» **TASK DESCRIPTION**
Reproduce exactly the span of lines beginning at the one with "New Sexy Ruffled" and ending at the last line of the data below, omitting pictures.

» **SOURCE MATERIAL**

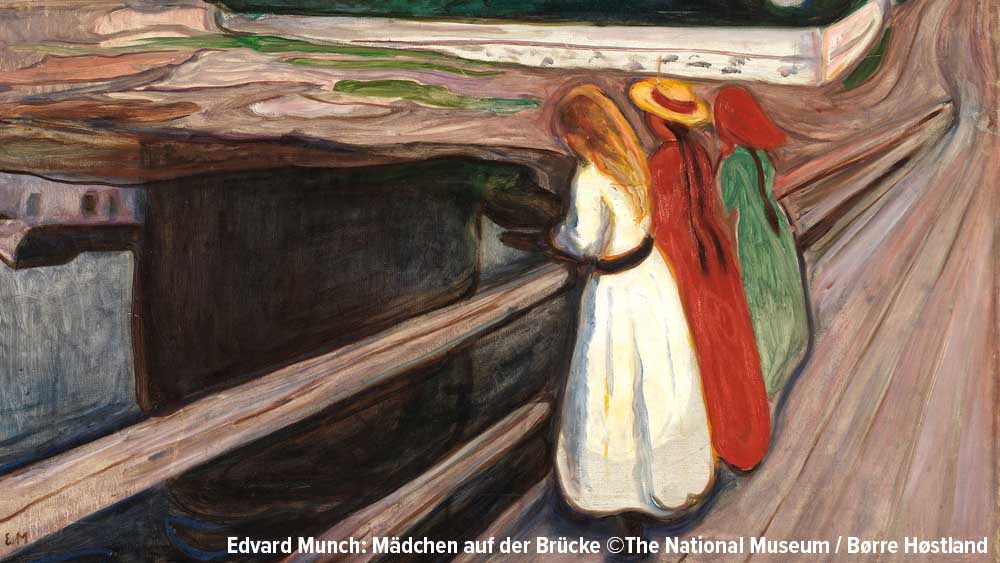 Munch: Mädchen auf Brücke
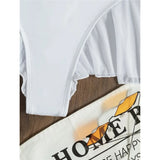 New Sexy Ruffled Mini MIcro Thong Bikini Bottom Swim Brief Women Swimwear Female Bather Brazilian Tanga Panties Underwear V4267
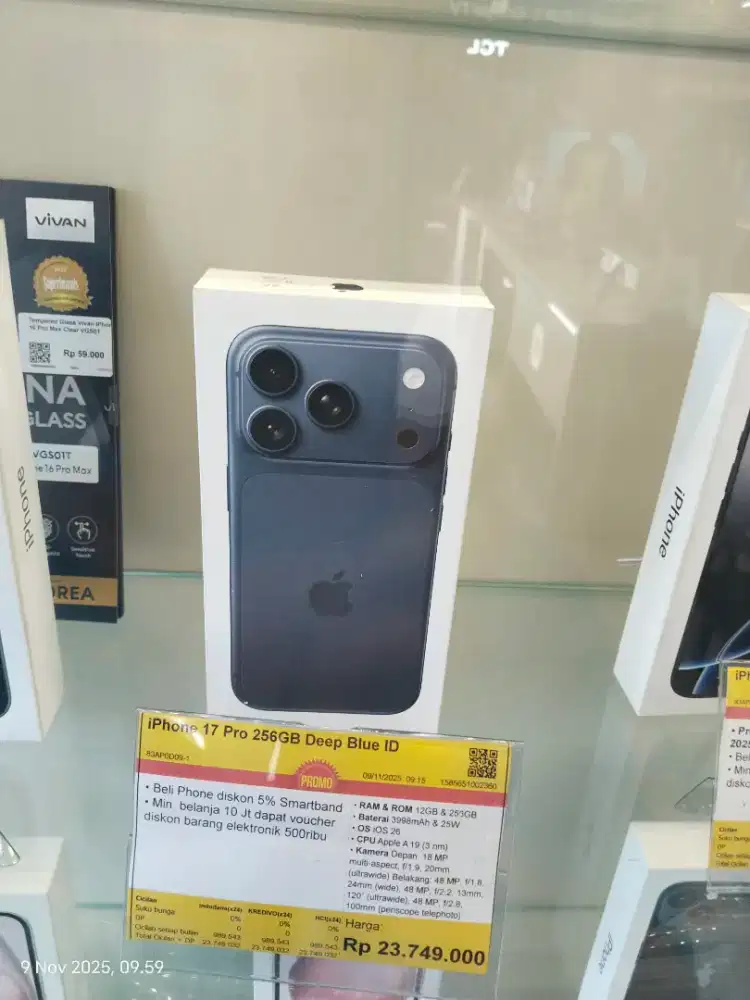 Baru iPhone 17 Pro Resmi, Cicilan Tanpa DP, bebas Bunga, Syarat KTP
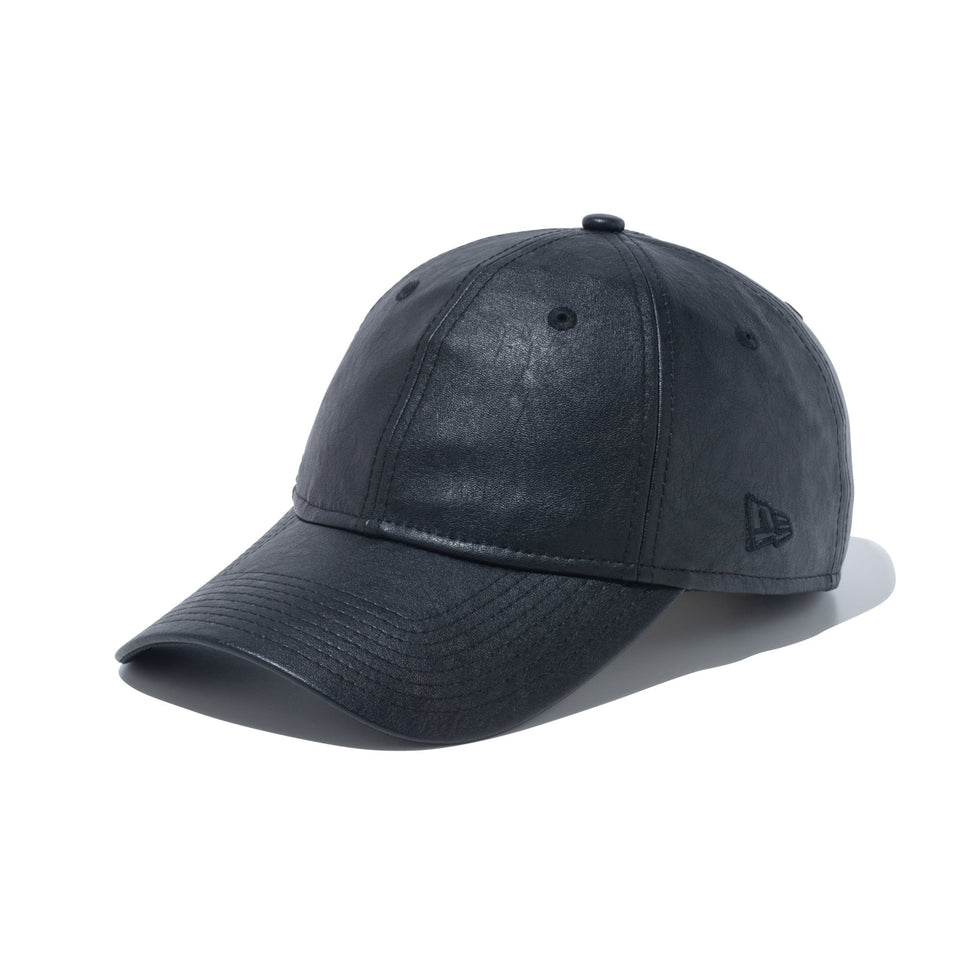 【ゴルフ】 WOMEN'S 9TWENTY ロングバイザー 紺野ゆり ブラックレザー - 13763029-OSFM | NEW ERA ニューエラ公式オンラインストア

» **WORKED SOLUTION**
 New Sexy Ruffled Mini MIcro Thong Bikini Bottom Swim Brief Women Swimwear Female Bather Brazilian Tanga Panties Underwear V4267
 Baru iPhone 17 Pro Resmi, Cicilan Tanpa DP, bebas Bunga, Syarat KTP
 【ゴルフ】 WOMEN'S 9TWENTY ロングバイザー 紺野ゆり ブラックレザー - 13763029-OSFM | NEW ERA ニューエラ公式オンラインストア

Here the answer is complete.